United States District Court, W.D. Pennsylvania
Nov 29, 2007
Civil Action No. 06-0643 (W.D. Pa. Nov. 29, 2007)

Opinion

Civil Action No. 06-0643.

November 29, 2007


MEMORANDUM and ORDER


This is a putative class action alleging breach of a prior class action settlement agreement and tortious interference with contractual relations. Before the court is plaintiffs' motion for class certification.

On March 30, 2007, the court held a class certification hearing. Thereafter, on May 23, 2007, the parties submitted separate proposed findings of fact and conclusions of law, to which the other side either admitted or denied. [Doc. No. 51] (hereinafter "Plaintiffs' Findings" or "Defendant's Findings").
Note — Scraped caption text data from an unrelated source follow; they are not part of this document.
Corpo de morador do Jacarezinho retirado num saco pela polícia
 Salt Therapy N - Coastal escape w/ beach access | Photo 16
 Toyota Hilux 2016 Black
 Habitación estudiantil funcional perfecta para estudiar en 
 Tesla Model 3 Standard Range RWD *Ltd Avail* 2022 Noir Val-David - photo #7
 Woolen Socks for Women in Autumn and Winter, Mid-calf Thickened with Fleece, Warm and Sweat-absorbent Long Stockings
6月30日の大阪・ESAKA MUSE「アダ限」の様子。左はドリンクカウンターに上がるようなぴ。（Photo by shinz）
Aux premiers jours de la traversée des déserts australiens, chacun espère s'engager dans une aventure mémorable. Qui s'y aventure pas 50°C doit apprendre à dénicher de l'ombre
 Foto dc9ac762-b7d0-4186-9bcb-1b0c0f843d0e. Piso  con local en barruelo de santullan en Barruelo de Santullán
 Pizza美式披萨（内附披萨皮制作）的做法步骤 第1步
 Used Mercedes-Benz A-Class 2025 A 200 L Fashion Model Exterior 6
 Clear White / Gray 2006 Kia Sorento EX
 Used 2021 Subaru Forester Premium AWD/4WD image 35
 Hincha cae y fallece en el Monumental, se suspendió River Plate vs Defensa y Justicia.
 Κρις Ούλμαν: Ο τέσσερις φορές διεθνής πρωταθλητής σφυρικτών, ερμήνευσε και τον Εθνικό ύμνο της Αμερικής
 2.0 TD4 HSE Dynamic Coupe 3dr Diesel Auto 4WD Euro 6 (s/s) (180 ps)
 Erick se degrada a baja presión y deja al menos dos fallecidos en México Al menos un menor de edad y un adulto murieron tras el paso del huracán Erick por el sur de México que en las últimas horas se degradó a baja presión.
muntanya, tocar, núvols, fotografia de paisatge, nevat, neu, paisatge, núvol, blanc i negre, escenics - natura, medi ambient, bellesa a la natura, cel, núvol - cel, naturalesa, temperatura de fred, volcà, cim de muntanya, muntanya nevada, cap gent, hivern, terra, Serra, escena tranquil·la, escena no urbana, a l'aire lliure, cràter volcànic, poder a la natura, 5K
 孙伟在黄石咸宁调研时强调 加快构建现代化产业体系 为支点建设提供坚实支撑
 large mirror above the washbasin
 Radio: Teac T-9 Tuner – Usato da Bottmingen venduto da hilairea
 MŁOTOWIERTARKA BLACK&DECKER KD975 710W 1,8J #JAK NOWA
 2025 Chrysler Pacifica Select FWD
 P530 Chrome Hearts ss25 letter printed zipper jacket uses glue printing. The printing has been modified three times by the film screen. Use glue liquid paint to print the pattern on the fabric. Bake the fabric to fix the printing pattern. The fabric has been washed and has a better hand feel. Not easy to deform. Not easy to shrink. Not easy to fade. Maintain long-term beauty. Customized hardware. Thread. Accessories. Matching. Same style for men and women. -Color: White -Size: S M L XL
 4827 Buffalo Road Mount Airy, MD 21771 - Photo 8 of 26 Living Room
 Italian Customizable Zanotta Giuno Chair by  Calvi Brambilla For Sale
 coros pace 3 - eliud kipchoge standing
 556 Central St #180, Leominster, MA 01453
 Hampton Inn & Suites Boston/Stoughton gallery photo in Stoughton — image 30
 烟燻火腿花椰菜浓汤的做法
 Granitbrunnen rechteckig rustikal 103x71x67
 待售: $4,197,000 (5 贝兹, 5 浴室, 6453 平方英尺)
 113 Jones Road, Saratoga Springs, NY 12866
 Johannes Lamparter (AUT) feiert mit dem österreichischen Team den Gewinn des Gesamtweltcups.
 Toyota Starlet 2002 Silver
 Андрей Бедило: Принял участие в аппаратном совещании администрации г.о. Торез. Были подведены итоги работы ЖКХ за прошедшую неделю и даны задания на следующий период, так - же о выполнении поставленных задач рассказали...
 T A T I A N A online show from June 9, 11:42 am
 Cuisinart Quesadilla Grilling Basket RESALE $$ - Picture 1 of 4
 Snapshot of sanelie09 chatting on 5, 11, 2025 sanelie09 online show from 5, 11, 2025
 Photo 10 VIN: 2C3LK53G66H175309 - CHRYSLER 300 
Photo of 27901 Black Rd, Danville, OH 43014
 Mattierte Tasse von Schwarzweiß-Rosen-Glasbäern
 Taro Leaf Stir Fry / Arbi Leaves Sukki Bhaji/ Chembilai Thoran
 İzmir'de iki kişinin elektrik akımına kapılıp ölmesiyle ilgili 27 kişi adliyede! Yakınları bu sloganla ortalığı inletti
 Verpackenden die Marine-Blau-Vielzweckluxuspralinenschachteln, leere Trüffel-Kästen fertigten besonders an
For the reasons set forth below, the court will grant plaintiffs' motion for class certification in part and deny it in part.

I. Class Description

Plaintiffs seek to certify a class ("Class 1") comprised of former and current GNC franchisees who participated in a prior class action settlement agreement approved by this court in 2001 (hereinafter "2001 Settlement Agreement"). Plaintiffs further seek to certify a class ("Class 2") comprised of former and current GNC franchisees who did not participate in the 2001 Settlement Agreement but, rather, opted out.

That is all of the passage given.